Aims: Mesenchymal stromal cells (MSCs) possess intrinsic features that identify them as useful for treating ischaemic syndromes. Poor in vivo survival/engraftment of MSCs, however, limits their overall effectiveness. In this work, we tested whether genetically engineering MSCs to secrete erythropoietin (Epo) could represent a better therapeutic platform than MSCs in their native form.

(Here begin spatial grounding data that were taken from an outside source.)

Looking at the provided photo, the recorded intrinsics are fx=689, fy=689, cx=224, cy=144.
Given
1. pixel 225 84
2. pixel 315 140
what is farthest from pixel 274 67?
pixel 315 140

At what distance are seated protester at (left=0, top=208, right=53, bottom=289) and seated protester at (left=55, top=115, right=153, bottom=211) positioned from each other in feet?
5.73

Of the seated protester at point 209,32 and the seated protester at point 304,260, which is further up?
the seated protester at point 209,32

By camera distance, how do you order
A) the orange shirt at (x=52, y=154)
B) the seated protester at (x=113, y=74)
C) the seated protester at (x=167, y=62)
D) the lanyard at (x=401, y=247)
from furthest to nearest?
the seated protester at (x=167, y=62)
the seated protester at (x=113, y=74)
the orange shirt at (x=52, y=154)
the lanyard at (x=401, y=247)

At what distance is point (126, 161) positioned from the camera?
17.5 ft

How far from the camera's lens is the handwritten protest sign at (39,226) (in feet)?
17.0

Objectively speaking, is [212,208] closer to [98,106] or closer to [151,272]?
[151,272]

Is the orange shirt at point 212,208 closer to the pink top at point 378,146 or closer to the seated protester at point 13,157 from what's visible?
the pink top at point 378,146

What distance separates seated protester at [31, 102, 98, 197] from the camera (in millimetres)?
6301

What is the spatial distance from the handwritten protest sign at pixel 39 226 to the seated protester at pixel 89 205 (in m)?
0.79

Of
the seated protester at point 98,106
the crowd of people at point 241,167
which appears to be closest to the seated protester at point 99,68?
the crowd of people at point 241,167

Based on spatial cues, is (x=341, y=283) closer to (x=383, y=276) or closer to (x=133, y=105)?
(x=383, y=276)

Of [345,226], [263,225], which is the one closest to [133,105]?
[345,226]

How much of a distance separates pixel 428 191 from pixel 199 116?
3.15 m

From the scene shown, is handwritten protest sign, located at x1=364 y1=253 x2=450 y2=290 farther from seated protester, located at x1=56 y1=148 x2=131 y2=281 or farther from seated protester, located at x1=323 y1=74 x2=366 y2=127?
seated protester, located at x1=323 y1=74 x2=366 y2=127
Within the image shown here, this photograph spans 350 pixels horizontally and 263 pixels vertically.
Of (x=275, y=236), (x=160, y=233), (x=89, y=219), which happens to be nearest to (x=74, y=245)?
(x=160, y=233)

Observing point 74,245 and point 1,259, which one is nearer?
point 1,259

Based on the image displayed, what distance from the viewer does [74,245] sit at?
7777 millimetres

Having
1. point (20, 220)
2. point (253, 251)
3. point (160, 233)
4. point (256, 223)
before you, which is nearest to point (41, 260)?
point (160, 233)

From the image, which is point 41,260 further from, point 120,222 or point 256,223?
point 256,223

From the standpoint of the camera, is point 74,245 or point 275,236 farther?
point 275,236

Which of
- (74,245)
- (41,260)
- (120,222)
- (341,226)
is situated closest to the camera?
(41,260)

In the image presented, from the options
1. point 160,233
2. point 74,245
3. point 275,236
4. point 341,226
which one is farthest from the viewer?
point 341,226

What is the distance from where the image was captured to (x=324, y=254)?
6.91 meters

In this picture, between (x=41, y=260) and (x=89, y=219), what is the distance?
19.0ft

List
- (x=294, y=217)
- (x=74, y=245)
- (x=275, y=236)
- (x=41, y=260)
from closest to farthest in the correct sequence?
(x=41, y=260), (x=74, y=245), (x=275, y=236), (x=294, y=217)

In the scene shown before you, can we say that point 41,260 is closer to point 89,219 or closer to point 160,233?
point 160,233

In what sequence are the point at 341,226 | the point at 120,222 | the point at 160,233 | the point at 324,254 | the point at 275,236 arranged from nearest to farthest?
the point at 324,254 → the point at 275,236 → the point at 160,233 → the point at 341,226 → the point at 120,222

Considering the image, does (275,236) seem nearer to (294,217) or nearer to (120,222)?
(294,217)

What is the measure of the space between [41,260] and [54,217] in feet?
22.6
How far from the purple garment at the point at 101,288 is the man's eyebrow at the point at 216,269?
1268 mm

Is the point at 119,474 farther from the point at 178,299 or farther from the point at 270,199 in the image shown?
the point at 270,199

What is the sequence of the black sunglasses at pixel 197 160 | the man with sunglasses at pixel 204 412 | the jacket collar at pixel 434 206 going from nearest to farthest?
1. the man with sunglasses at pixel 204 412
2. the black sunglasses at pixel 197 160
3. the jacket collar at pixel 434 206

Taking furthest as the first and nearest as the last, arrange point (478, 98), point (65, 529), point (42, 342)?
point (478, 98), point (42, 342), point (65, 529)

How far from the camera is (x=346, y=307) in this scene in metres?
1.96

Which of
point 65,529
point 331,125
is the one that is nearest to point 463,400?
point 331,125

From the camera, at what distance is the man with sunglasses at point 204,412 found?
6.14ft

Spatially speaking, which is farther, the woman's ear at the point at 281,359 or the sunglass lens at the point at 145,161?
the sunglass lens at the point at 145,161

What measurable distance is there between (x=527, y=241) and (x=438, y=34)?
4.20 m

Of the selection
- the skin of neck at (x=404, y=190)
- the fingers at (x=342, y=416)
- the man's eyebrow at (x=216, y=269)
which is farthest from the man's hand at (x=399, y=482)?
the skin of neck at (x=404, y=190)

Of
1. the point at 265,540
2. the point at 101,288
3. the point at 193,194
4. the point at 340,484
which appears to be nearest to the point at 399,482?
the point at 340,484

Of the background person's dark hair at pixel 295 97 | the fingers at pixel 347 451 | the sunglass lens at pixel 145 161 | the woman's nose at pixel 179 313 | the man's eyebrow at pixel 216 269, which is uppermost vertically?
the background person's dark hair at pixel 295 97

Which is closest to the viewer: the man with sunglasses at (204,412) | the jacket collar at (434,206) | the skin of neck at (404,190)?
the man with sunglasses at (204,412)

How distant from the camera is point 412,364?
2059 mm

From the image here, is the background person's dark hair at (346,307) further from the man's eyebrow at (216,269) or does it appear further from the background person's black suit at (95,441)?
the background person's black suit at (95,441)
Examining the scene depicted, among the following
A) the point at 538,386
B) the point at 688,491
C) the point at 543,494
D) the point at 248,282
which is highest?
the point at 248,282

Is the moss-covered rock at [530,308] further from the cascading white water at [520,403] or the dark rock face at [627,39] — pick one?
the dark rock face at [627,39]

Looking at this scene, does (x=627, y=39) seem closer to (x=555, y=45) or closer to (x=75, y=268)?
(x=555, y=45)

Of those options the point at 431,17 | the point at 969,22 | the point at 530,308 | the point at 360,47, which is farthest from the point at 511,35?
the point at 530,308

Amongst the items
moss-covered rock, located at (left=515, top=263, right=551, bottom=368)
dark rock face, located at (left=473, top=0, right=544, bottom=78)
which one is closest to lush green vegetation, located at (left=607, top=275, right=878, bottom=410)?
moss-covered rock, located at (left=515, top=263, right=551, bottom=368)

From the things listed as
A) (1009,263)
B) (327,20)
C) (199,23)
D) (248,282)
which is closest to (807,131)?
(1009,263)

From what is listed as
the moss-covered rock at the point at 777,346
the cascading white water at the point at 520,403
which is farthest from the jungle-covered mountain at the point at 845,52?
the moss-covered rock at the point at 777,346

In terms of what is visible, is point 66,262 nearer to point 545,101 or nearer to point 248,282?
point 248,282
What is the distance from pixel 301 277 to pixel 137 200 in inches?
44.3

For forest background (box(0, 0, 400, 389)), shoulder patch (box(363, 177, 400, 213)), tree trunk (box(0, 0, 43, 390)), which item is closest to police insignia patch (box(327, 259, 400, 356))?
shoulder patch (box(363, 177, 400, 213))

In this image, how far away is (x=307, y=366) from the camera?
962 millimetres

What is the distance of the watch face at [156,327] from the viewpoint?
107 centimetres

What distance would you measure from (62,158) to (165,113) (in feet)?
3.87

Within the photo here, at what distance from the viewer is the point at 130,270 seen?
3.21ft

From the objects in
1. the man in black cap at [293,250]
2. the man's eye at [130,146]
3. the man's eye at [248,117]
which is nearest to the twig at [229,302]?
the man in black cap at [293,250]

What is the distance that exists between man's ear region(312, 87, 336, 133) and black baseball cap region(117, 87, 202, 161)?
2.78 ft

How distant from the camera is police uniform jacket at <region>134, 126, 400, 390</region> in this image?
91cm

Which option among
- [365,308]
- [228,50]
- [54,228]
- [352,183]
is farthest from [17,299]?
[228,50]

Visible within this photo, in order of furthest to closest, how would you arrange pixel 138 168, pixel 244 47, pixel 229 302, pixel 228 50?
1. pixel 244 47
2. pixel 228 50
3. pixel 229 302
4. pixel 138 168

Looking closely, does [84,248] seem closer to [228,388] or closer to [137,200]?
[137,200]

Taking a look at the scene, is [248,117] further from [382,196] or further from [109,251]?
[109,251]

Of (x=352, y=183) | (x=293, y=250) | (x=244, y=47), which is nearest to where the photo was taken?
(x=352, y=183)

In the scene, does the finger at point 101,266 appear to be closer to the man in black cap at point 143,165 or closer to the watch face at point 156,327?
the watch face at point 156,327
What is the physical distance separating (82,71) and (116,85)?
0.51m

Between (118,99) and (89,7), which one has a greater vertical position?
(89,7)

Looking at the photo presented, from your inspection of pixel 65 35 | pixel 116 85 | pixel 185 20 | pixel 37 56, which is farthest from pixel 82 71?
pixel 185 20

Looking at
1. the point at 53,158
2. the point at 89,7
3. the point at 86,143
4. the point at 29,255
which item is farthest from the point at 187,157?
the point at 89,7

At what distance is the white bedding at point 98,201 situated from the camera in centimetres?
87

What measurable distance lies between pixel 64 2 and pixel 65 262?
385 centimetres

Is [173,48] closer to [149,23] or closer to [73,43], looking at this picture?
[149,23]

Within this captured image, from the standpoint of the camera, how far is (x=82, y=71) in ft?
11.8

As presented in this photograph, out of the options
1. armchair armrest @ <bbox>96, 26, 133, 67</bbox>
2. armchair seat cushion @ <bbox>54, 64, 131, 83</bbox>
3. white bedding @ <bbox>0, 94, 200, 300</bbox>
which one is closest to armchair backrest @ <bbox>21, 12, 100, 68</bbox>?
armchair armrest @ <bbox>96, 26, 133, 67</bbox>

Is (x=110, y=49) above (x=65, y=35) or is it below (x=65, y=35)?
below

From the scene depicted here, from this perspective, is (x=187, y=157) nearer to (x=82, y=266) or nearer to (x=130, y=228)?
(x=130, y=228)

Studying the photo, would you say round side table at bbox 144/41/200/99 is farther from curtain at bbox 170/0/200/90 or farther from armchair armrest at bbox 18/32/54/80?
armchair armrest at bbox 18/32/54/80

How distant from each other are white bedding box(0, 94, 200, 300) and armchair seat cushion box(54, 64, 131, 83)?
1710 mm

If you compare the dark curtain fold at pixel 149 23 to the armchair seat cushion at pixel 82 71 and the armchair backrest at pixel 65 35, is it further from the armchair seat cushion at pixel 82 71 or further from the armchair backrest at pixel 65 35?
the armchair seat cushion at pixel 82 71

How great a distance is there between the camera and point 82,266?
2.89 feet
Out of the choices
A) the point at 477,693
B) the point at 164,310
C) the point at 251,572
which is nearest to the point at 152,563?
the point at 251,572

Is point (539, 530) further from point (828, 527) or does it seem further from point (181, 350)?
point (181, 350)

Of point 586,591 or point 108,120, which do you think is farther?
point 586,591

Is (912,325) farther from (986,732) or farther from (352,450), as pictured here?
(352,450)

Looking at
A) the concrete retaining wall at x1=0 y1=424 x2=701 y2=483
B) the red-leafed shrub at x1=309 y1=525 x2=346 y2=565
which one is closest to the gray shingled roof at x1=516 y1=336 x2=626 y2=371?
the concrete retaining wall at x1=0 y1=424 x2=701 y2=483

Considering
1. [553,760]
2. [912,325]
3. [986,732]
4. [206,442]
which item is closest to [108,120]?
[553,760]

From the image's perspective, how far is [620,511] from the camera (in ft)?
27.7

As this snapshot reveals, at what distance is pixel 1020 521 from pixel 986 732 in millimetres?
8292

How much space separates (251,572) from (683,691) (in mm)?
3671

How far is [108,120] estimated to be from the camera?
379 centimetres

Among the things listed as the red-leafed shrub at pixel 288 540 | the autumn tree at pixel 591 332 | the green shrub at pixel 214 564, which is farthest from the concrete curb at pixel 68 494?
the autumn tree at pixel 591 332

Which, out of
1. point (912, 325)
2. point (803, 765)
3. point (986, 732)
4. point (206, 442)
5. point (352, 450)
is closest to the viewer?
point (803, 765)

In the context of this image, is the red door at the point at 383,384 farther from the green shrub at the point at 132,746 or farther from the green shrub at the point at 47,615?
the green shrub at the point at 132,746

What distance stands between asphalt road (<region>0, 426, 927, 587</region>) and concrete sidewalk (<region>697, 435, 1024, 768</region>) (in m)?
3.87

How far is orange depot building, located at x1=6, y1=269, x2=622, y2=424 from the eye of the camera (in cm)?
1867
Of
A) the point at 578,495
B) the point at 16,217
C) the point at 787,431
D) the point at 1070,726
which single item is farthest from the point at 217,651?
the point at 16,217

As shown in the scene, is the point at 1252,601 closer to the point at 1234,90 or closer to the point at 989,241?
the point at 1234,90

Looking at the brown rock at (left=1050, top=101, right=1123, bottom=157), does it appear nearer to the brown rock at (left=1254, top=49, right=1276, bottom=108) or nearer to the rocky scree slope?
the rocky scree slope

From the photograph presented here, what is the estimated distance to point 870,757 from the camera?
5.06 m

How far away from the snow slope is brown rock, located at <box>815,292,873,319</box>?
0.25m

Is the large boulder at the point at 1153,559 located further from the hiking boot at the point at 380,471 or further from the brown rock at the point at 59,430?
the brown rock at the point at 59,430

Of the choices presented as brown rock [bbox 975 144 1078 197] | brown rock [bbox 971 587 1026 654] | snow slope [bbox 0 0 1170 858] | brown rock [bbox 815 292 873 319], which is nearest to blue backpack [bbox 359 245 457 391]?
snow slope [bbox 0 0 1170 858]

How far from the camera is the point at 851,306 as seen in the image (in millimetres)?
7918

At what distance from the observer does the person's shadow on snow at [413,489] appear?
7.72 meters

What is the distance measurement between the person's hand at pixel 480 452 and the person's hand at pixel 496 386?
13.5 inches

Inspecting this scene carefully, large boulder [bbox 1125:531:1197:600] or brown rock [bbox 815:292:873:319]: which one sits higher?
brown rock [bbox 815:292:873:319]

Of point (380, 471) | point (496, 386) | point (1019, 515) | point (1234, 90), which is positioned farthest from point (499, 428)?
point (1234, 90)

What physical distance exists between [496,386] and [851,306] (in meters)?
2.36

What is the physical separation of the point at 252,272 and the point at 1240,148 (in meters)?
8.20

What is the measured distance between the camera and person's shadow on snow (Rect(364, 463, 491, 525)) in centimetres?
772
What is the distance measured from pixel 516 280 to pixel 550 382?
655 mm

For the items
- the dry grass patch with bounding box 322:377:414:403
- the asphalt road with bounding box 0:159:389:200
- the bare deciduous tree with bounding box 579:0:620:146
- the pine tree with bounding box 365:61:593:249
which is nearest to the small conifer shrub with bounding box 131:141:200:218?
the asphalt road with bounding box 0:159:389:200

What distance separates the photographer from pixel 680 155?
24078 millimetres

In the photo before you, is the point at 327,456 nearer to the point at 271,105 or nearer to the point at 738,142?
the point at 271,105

Methods and results: MSCs from C57Bl/6 mice were retrovirally transduced with either an empty vector or one that causes the production of Epo and were then analysed for the alterations in angiogenic and survival potential. Using a mouse model of myocardial infarction (MI), the regenerative potential of null MSCs and Epo-overexpressing MSCs (Epo+MSCs) was assessed using serial echocardiogram and invasive haemodynamic measurements. Infarct size, capillary density and neutrophil influx were assessed using histologic techniques. Using in vitro assays coupled with an in vivo Matrigel plug assay, we demonstrate that engineering MSCs to express Epo does not alter their immunophenotype or plasticity. However, relative to mock-modified MSCs [wild-type (WT)-MSCs], Epo+MSCs are more resilient to apoptotic stimuli and initiate a more robust host-derived angiogenic response. We also identify and characterize the autocrine loop established on MSCs by having them secrete Epo. Furthermore, in a murine model of MI, animals receiving intracardiac injections of Epo+MSCs exhibited significantly enhanced cardiac function compared with WT-MSCs and saline-injected control animals post-MI, owing to the increased myocardial capillary density and the reduced neutrophilia.
Conclusion: Epo overexpression enhances the cellular regenerative properties of MSCs by both autocrine and paracrine pathways.